Today, the Wake Forest University Divinity School’s Center for Religion and Public Affairs released a document entitled “Religious Expression in American Public Life: A Joint Statement of Current Law.”
The document’s drafting committee included everyone from former staff members of the ACLU and People for the American Way to Richard Land of the Ethics & Religious Liberty Commission of the Southern Baptist Convention and representatives from Pat Robertson’s American Center for Law and Justice. The document seeks to explain church-state law as it stands today:
The drafters’ purpose in crafting this statement is to help foster an accurate understanding of current law and improve our national dialogue on these issues. While there is disagreement among the drafters about the merits of some of the court decisions and laws mentioned in the document, the drafters agree that current law protects the rights of people to express their religious convictions and practice their faiths on government property and in public life as described in the statement. In other words, while this diverse group often disagrees about how the law should address issues regarding the intersection of religion and government, it agrees in many cases on what the law is today. More broadly, the drafters also agree that religious liberty, or freedom of conscience, is a fundamental, inalienable right for all people, religious and nonreligious, and that there is a need to correct misunderstandings about this right. The joint statement, which is formatted in a Q and A style, seeks to provide accessible and useful information for Americans about this area of law.
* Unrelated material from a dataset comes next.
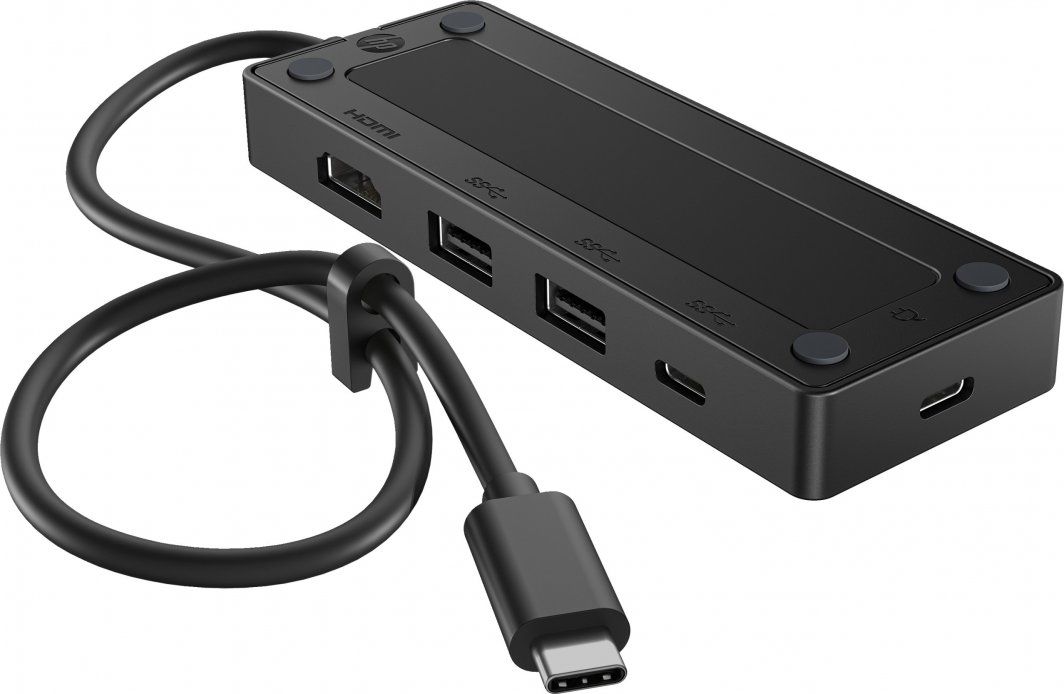 Replikator HP USB-C Travel Hub G3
As the role of religion in public life continues to spark intense political debate and high-profile court cases, a group of diverse leaders from religious and secular organizations has issued the most comprehensive joint statement of current law to date on legal issues dividing church and state. Muslim, Jewish, Sikh and Christian leaders from the evangelical, mainline and Catholic traditions joined with civil liberties leaders to draft Religious Expression in American Public Life: A Joint Statement of Current Law, released Tuesday at the Brookings Institution in Washington D.C.
Are persons elected or nominated to serve as government officials required to place their hands on the Bible when making oaths or affirmations? May elected officials reference religious ideas and discuss their personal religious beliefs while operating in their official capacities? Are individuals and groups permitted to use government property for religious activities and events? Must secular nongovernmental employers accommodate employees’ religious practices? These are just a few of the questions that the diverse group of leaders sought to answer in the 32-page document.
“The role of religion in public life has long been a source of controversy and litigation,” said Melissa Rogers, director of Wake Forest University Divinity School’s Center for Religion and Public Affairs, which produced the document. “We have brought together a diverse group of experts on law and religion to clarify what current law has to say about some of these matters.”
The 35 questions and answers that comprise the joint statement address religion and politics; religious gatherings on governmental property; religious expression in the workplace; and chaplains in legislative bodies, prisons and the military; and other issues.